BST 'Tis Pity She's a Whore; photo by Claire Kimball

You hear the phrase “bedroom Olympics” and you immediately kick yourself. Or at least you do if you’re me. (I don’t know what you do if you are not me. That’s your business, and I have no intention of prying, but I’m the one writing this thing, and I’ve got less than 1000 words, so we’d better get started, and the best way is to assume that we’re basically the same, in this regard. It’s a rhetorical device. You can look it up.)

If you’re me (see above) then you kick yourself when you hear the phrase “bedroom olympics” because you didn’t write it. Two words, five syllables, and more dense with implications that an episode of Serial.

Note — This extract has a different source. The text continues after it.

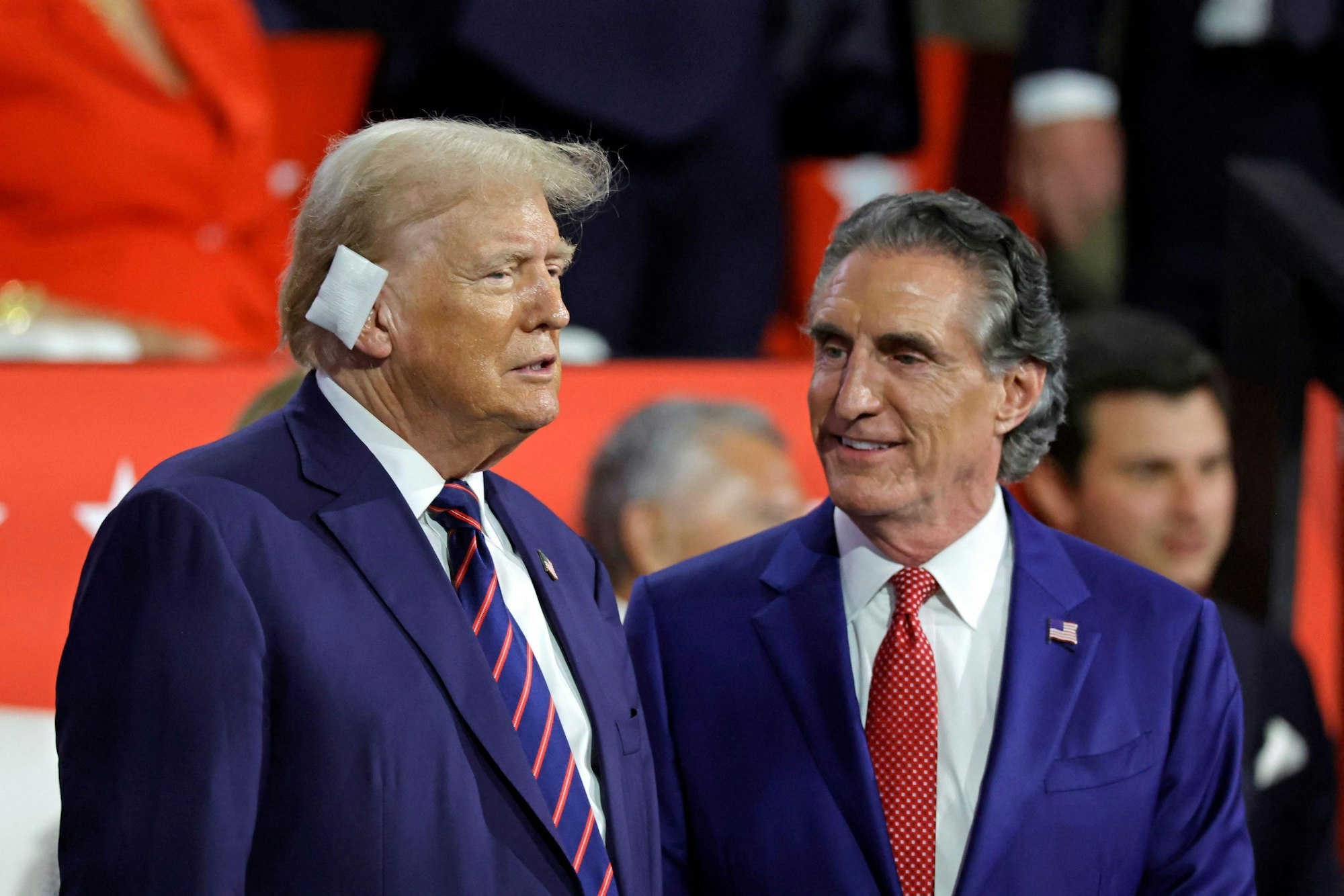 US former President and 2024 Republican presidential candidate Donald Trump (L) chats with North Dakota Governor Doug Burgum during the third day of the 2024 Republican National Convention at the Fiserv Forum in Milwaukee, Wisconsin, on July 17, 2024. Days after he survived an assassination attempt Donald Trump won formal nomination as the Republican presidential candidate and picked Ohio US Senator J.D. Vance for running mate. (Photo by Kamil Krzaczynski / AFP)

If you are me, you want to throttle the genius responsible for that turn of phrase, and simultaneously clap them on the back.

The question becomes, who is responsible for it?

BST 'Tis Pity She's a Whore; photo by Claire Kimball

Erik Harrison (left) as the Friar, with Danny Cackley as Giovanni in ‘Tis Pity She’s a Whore

The phrase came up during a reading of ‘Tis Pity She’s a Whore, half of Brave Spirits’ cheekily named “Incest Rep,” Soranzo (Ian Blackwell Rogers) railing at his wife Annabella (Jenna Berk). You might say, well, John Ford is responsible. He wrote the play after all.

“Oh, ho!” I would say to you (you’re you again, by the way. Keep up.) “Things are not always what they seem.”

I’ve spent the lion’s share of my career working on contemporary plays, often premiers with the writer still emailing drafts at 3AM. Coming to work with Brave Spirits on early modern drama has been a huge change. Because the author is usually dead. Instead of seances to contact John Ford and find out exactly what he meant in his script, an extensive table work process with the cast and crew exists to draw as much meaning out of the script as possible.

What does this change to the poetic meter imply? Can this pun translate to a modern audience? What does John Ford say not just about the people of his time, but all times? This table work bridges the distance between two eras of theatrical presentation and channels the voice of a playwright four hundred years after his death.

Which is kind of like a seance, now that I think about.

In the case of “bedroom Olympics,” this was Ian’s paraphrase. An idiomatic rewrite of John Ford’s words. Ford wrote “belly sports,” which you have to admit is pretty great too. “Bedroom olympics” became the magical incantation Ian used to reach through Ford and transform a static text into a collaboration with an author long since past (without the use of crystal balls).

Who is responsible for the play? We are, the cast, the crew, and a playwright subtly guiding and directing from four centuries away.